The Richard Morris Hunt Memorial was dedicated in 1891. It is on Fifth Avenue on the edge of Central Park across from the Frick Museum. It is an exedra consisting of a semicircular terrace lined with columns and benches, in the center of which is a bust of Richard Morris Hunt on a pedestal. On the left side of the exedra is an allegorical female figure representing Painting and Sculpture. She holds a palette and a mallet. On the right side is an allegorical female figure representing Architecture. She holds a model of the Administration Building designed by Richard Morris Hunt for the 1893 World's Columbian Exposition.

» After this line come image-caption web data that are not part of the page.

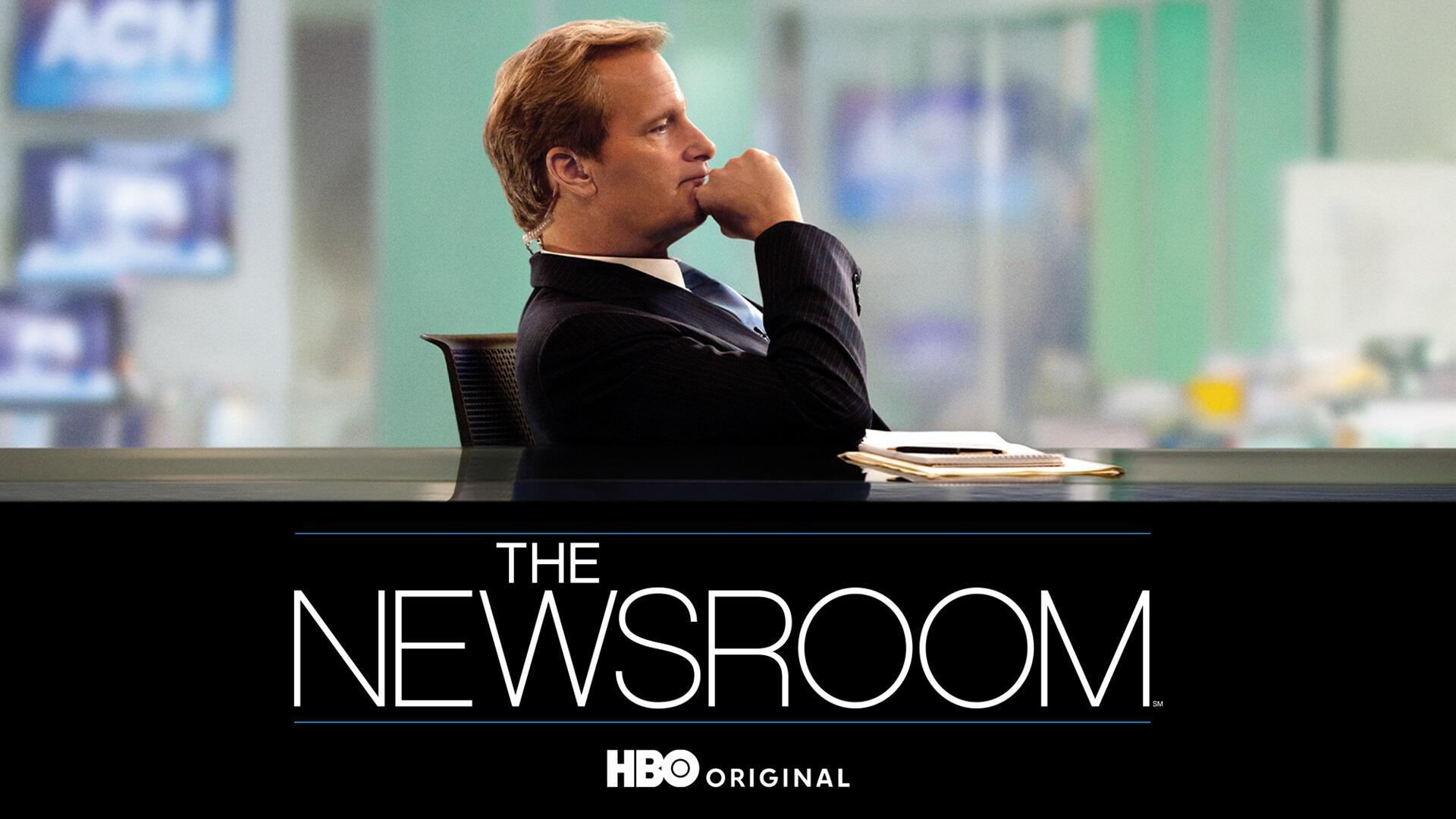 Download The Newsroom (2012) TV Show HD Wallpaper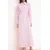 Trendyol Modest Ženska haljina Tctss26Eb00094, Roze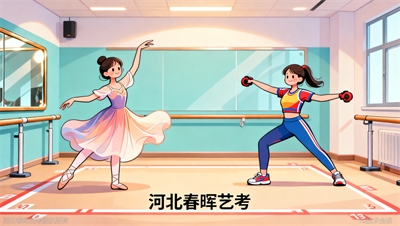 河北春晖艺考：才艺展示选舞蹈还是健美操？这样选更加分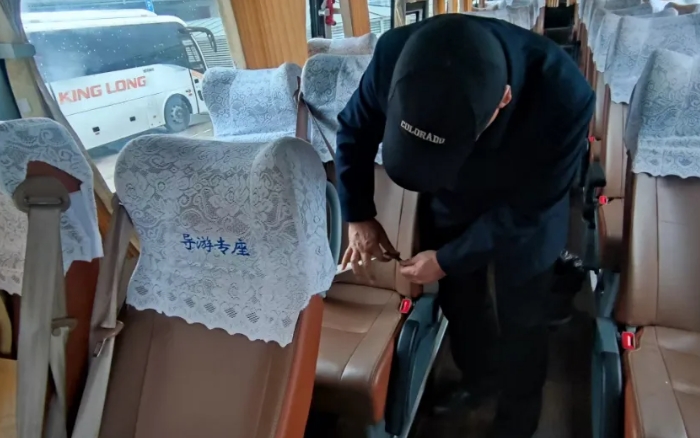 馬鞍山長(zhǎng)客:開展春季營(yíng)運(yùn)車輛安全自查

Hunt (1828-1895) was the first American
architect trained at the Ecole des Beaux-Arts in Paris. He went on to design
such New York buildings as the Tribune Building and the Lenox Library, both now
gone, the Metropolitan Museum, and the granite pedestal for the Statue of
Liberty, as well as homes for the Vanderbilts and Astors. Hunt was the founding president of the
Municipal Art Society in 1892.
It took two tries on two trips to New York City to get photos of the memorial that I liked enough to work from. This pen-and-ink drawing of the "Hunt Memorial." is a very vertical composition which I decided to use because I wanted to focus on the statue holding the model of the building on the right side of the memorial. The shadows were fantastic and I loved the trees in Central Park as a back drop.